If you’ve not already seen them, take a few minutes out of your day to smile as you watch a 2-year-old, then a 99-year-old, use the iPad.
Finally, take a look as Chinese pianist Lang Lang plays Flight of the Bumblee on an iPad.
My mind = blown.
I just smile seeing the 99 year old working away! I just felt so happy! I laughed at the kid playing with the iPad. Hell, even a cat figured out how to navigate the home screen and play piano; the dog on the other hand was frightened.
It all proves my point; the future of interface is more intuitive. Real world interaction that users “just know how it works” will replace old concepts and most of us 30+ year computer techies will have to adapt. Just try to explain to a tecnophobe nested folder file management, right-clicking the mouse then left-clicking the option you want, and when to single-click or double-click. I have been a computer teacher for 12 years and some students cannot fathom those concepts. It takes a paradigm shift for them to get it.
Thanks for the thoughts Josh. Very interesting re: your experience teaching concepts we consider so fundamental (and simple). What never ceases to amaze me though is the way so many cling to the existing paradigms, refusing to see what’s before them. Is the iPad perfect as-is? Of course not. Is it where things are headed? Very much so!
I know. . .
I have had so many arguments with fellow techies about how techies want computers that are too complicated for normal people. That they equate complex with power. Being a teacher and a techie, I love power but prefer simplicity. It’s one of the reasons I switched to the mac platform in 2002, after 7 years working solely in Windows. (I was an Amiga user before that.)

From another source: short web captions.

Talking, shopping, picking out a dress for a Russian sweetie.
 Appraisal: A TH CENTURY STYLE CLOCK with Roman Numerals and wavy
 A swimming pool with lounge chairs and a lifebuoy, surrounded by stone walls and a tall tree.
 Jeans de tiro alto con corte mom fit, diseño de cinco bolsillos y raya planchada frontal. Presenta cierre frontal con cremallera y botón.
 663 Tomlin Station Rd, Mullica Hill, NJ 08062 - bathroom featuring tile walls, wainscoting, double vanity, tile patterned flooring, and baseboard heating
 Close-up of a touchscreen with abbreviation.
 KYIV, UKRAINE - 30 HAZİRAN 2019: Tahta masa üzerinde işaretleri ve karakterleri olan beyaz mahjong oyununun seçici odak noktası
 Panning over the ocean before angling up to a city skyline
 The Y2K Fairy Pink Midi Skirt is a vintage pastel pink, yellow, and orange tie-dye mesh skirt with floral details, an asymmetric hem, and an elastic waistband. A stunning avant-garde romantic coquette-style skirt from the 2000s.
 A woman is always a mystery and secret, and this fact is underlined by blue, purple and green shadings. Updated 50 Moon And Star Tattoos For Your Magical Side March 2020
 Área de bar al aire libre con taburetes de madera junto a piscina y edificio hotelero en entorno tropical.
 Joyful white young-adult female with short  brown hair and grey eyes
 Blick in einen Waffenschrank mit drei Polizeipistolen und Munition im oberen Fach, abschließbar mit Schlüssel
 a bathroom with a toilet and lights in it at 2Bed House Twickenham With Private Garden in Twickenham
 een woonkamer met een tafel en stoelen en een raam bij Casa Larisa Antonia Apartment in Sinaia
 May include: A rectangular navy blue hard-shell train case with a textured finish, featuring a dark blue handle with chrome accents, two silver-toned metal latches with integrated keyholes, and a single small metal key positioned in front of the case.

I find the Mac OS X platform, simple, yet infinitely complex if you get into the Unix side.
The iPhone OS has a lot of power but it is limited in scope. However, that is exactly what average non-computer people need. Even the concept of saving a document is one of those things people don’t get at first. “It’s on my screen, why isn’t it already saved. Where do I save it? What is folder hierarchy? Metadata, huh?”
The best part is the Save icon in most Windows apps is still a picture of a floppy disk. Even though no one uses them anymore. I asked one of my advanced classes to come up with replacement icon, they couldn’t figure out one.
Even the icon for a hard disk on Mac OS X, no regular user knows what a hard disk looks like, especially on a mac when you very rarely open the case.
Sorry maybe slightly off topic . . . just my reasons why we need a paradigm shift and a complete redesign of the GUI in order to make computers easier for the non-computer user to get their work done.